[Entries shown — start]

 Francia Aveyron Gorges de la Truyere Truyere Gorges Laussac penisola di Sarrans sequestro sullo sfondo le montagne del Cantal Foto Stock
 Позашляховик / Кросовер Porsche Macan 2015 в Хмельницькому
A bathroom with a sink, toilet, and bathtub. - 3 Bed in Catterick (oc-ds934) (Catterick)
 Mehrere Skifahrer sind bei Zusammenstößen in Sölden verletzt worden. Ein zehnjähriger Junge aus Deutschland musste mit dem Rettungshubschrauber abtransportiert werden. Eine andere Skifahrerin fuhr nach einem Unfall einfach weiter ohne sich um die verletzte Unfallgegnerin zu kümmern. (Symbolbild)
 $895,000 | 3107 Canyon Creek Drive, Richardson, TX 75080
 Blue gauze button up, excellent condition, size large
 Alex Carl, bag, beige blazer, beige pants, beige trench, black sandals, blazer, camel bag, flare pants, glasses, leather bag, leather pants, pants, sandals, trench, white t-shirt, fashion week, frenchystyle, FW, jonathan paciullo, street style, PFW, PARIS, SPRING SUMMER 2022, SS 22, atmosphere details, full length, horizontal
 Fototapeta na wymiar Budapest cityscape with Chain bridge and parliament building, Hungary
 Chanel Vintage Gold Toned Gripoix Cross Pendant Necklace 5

[Entries shown — finish]
[Entries shown — start]

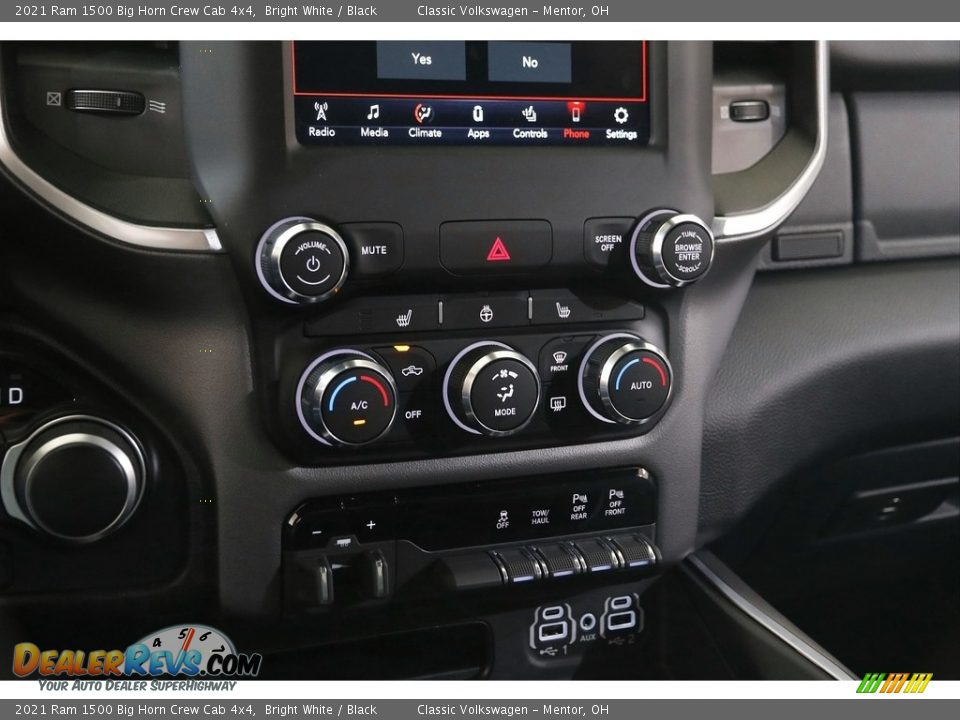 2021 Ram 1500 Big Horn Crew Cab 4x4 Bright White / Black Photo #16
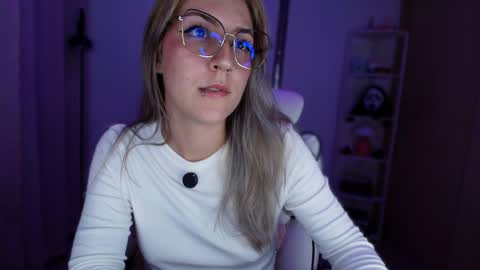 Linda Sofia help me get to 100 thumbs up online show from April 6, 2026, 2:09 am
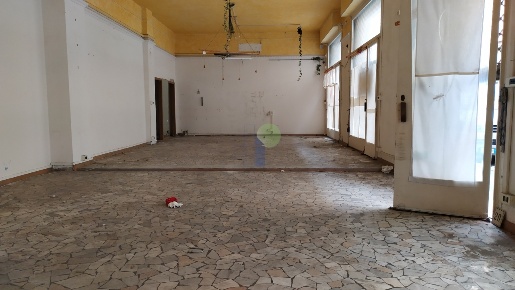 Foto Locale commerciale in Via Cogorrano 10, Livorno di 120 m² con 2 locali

[Entries shown — finish]

- _What the task requires_:
From the records above, give again only the part that opens with the line containing "2021 Ram 1500" and closes with the line containing "Foto Locale commerciale". Keep both ends but drop the pictures.

- _Output of the exercise_:
 2021 Ram 1500 Big Horn Crew Cab 4x4 Bright White / Black Photo #16
 Linda Sofia help me get to 100 thumbs up online show from April 6, 2026, 2:09 am
 Foto Locale commerciale in Via Cogorrano 10, Livorno di 120 m² con 2 locali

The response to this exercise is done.